Beta software often sends people running from fear of having to deal with bugs and issues that get in the way of their day-to-day life. And that’s normal, because in this day and age when everyone wants their computers and mobile devices to “just work” (a saying Apple made famous a long time back), not many are interested in giving beta software a try.

That is perhaps why Samsung doesn’t do worldwide testing of new versions of Android and One UI, especially for all the devices except its latest flagships, and makes do with the number of beta testers they do manage to get into the fold. Naturally, we here at SamMobile tend to test those betas out, and in my opinion, Samsung’s beta software is nothing to be scared of.

I’ve used pretty much every new Android and One UI version’s beta version on a Galaxy flagship that I get to use as my daily driver every year as part of my job description. And in the last two or three years, in my user experience, even the initial beta updates have been pretty stable for day-to-day use.

Samsung’s beta One UI releases are mostly just threatened by performance issues

It’s mostly performance issues that tend to be the biggest offenders, such as rough animations and the device becoming slow at times as the memory fills up and doesn’t clear as it is supposed to. But as far as app crashes and other such bugs are concerned, I rarely — if ever — have problems anymore.

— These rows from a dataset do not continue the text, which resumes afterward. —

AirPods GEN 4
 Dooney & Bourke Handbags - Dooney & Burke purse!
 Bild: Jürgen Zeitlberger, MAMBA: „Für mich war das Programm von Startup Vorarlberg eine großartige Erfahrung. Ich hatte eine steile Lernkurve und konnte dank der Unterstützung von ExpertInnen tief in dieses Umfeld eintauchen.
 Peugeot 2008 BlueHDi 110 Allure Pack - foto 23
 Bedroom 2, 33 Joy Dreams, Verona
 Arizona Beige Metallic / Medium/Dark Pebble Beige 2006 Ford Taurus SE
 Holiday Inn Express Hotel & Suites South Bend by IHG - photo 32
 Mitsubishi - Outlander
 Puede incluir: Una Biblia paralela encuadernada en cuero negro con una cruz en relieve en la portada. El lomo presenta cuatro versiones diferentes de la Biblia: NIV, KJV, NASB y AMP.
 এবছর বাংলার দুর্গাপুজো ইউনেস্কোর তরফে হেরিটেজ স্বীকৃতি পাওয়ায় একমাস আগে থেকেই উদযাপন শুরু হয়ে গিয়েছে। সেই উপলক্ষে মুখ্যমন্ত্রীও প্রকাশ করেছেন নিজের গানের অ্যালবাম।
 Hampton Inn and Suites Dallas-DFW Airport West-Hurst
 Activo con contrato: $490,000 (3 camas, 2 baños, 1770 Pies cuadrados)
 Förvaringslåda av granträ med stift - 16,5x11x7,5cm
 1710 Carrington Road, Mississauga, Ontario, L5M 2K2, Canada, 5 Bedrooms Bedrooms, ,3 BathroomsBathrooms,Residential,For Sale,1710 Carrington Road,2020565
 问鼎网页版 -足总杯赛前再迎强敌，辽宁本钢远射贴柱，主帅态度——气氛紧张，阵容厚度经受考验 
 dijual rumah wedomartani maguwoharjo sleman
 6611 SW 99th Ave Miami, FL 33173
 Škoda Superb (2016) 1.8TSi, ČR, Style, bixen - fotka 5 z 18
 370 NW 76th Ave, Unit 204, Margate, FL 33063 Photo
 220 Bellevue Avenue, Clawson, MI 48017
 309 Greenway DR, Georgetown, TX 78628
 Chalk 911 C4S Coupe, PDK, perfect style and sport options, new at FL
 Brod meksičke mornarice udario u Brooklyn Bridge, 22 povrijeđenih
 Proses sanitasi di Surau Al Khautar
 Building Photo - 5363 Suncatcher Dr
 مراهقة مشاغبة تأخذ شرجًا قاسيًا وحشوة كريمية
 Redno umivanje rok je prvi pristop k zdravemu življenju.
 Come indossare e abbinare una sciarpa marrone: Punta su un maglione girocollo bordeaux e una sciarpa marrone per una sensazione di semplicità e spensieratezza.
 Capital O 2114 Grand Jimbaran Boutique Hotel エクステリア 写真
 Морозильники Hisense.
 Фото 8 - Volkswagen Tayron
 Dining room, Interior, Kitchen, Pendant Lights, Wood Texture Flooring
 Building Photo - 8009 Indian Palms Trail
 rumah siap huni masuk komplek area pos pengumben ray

The same is true for the Galaxy S22 series’ Android 13 and One UI 5.0 beta. While the initial beta releases were missing some of the software features (like all that new lockscreen customization), they ran pretty well. In fact, I don’t think I even had any of the usual performance issues on my Galaxy S22 Ultra, even though animations etc. still felt a little unrefined at times (something everyone has noticed).

Anyway, the point I’m trying to make is that Samsung’s beta Android and One UI releases are nothing to be scared of. Sure, if push comes to shove you might have to reset your phone and go back to the previous version of Android, but then again, if that’s something you’re not prepared to do when testing out beta software, then perhaps you shouldn’t dabble in it anyway.

As for those who do want to test Samsung’s betas but aren’t residing in countries where the beta programs are released, well, tough luck. Samsung has shown no interest in increasing the number of countries where it holds new Android and One UI beta programs, so all one can do is wait and hope the company will change that in the coming years.